1. Peter Sewell
  2. linksem





This repository contains work relating to an ongoing project (under the aegis of the wider REMS project) to formalise the linking of ELF object code, and related notions. Toward this end, this repository contains:

  • A formalisation of the core ELF file format, the de facto standard executable and linkable file format on Linux and related systems, written in Lem. This formalisation has been tested against approximately 5,000 ELF binaries found "in the wild" on various different platforms.
  • A partial formalisation of various aspects of the platform Application Binary Interfaces for AMD64, Power64, AArch64, and X86-32, as well as a partial formalisation of the GNU extensions for ELF that the Linux operating system expects. These formalisations have been formalised on an ad hoc basis, as they were needed and may (almost certainly will be) incomplete.
  • An executable linker/link-checker built atop the aforementioned ELF and ABI formalisations for AMD64, capable of linking complex link-jobs such as bzip2, derived from an OCaml extraction of the Lem models above.
  • A sample proof of correctness for AMD64 relocation, using an Isabelle/HOL extraction of the linker, ELF model, and ABI formalisations mentioned above.

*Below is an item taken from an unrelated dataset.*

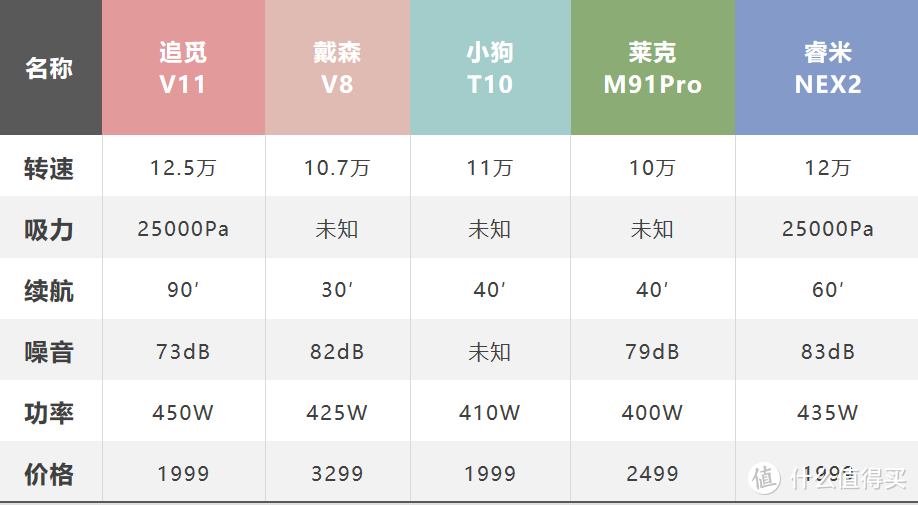 国货当自强:追觅V11吸尘器一触即发，强劲吸力硬刚戴森V8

The ELF formalisation (and parts of the ABI formalisation) are currently also being used as a subcomponent of the ppcmem2 architectural exploration tool, for parsing ELF files and setting up initial machine states.

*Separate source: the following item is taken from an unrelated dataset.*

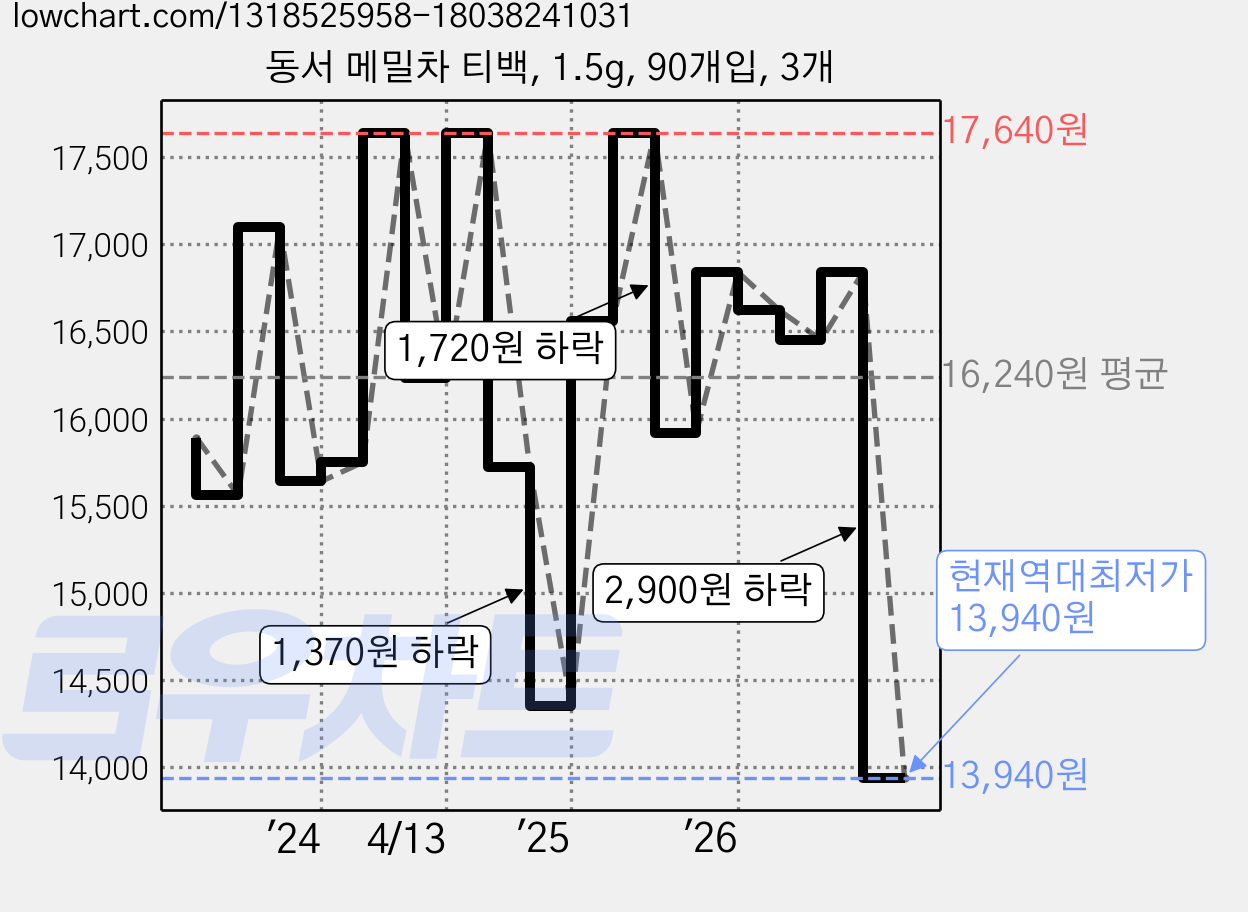 동서 메밀차 티백, 1.5g, 90개입, 3개 가격 변동 차트, 현재가 13,940원, 역대최저가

The main contributors to the formalisation are: Stephen Kell, Dominic Mulligan and Peter Sewell.

Current clients of the formalisation are: Shaked Flur, Kathy Gray, Christopher Pulte, and Susmit Sarkar, authors of the ppcmem2 tool.

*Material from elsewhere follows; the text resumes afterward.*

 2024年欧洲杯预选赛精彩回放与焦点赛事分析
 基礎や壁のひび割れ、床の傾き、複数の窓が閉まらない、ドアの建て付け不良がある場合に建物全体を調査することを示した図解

This work is funded by REMS: Rigorous Engineering of Mainstream Systems, EPSRC Programme Grant EP/K008528/1.

Directory structure

The top-level directory structure is as follows:

  • 'auto_generated' contains proof assistant theories automatically extracted from the base models by the Lem tool. Note that these theories are extracted on an ad hoc basis and are not guaranteed to be in lock-step with the latest specification from which they are derived.
  • 'contrib' contains useful and/or necessary library code from third-parties needed to build the formalisation.
  • 'doc' contains various specifications, standards documents and/or other useful documents necessary for the formalisation.
  • 'src' contains the latest formalisation. It is further divided into the following subdirectories:
    • 'abis' contains Lem code specific to the formalisation of Application Binary Interfaces. Each ABI considered has a further dedicated subdirectory below 'abis'.
    • 'adaptors' contains Lem code providing a simplified interface to various external tools that rely on the formalisation in 'src'. For example, the file src/adaptors/sail_interface.lem presents a simplified interface for extracting executable process information to the ppcmem2 project.
  • 'prf' contains a copy of Fox's X64 HOL4 specification, and the sample Isabelle proof for AMD64 relocation.
  • 'talks' contains the LaTeX source code of talks and other publicity material relating to the linking formalisation.
  • 'test' contains example ELF binaries for multiple platforms/ABIs to test the various formalisations against.
  • 'validation' contains the validation scripts used for mass-validation of the ELF and ABI specifications against existing ELF binaries.

Build process

To build the model from a fresh Mercurial checkout (assuming your current working directory is linksem), cd into src and type make.

This will make all dependencies in contrib (if needed), build the Lem model (extracting OCaml files) and build these files with the OCaml compiler.

Known issues

  1. Currently a bug in Lem prevents 'error.lem' from being extracted correctly to OCaml. Therefore any changes to 'error.lem' require special attention, namely hand editing 'error.ml', the Lem generated ML file, to add parentheses around the infix monadic bind operator '>>=' to avoid an OCaml parse error.
  2. Another bug in Lem prevents us from writing large numeric constants in their most natural form. Rather, any constant that exceeds the range of the OCaml 'int' type must be split into smaller constants that are added or multiplied together, due to the Lem parser using 'int' throughout. Where this happens the total of the computation (i.e. the constant's value) is noted in a comment.
  3. Isabelle extractions of the Lem models require a small amount of hand editing to get Isabelle to accept them, due to various bugs in Lem.

All other issues, infelicities or missing pieces of formalisation should be noted in a camldoc-style comment at the top of the relevant Lem file.